Solving Alternate Current Homework on R, Impedance, Phase Difference

[fluidistic]

Homework Statement

See picture for situation.
1)Demonstrate that if we don't want current flowing at point D, we need $$R=\sqrt{\frac{L}{C}}$$.
2)If R satisfies the above condition, find the equivalent impedance of the circuit.
3)Find the angle difference of phase between the current circulating by the emf and by the branch RC. (I find it very confusing as which is the RC branch).

Homework Equations

None given.

The Attempt at a Solution

I'm really weak at alternate current problems.
I know that V(t)=ZI(t). So I must set V(t)=0 in the branch containing D. But I'm having a hard time figuring out V(t) in this branch.
V(t) in the emf branch is $$V_0 e^{i\omega t}$$.
I need a little push in the right direction as to reach V(t) in the D-branch. I've thought about Kirchhoff's laws, but in an alternate circuit, I've no idea if I can use them at all.
Thanks.

 

[berkeman]

To get no current in the D branch, there must be no difference in votage between the midpoints of the top and middle branches.
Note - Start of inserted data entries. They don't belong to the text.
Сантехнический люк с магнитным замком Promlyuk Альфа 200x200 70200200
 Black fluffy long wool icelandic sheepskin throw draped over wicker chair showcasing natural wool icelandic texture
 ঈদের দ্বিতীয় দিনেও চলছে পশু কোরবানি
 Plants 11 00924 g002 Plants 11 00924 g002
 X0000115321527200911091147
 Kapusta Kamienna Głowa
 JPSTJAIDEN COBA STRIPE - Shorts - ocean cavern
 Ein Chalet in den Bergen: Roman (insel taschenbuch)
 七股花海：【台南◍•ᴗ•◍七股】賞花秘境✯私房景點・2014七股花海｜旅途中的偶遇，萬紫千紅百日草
That will only be true if the respective voltage divider equations give the same voltage v(f) for the two midpoints.

Does that help, or is that already obvious to you? And where did your avatar go?

 

[fluidistic]

Thanks for the help!

To get no current in the D branch, there must be no difference in votage between the midpoints of the top and middle branches.

This is obvious to me until here.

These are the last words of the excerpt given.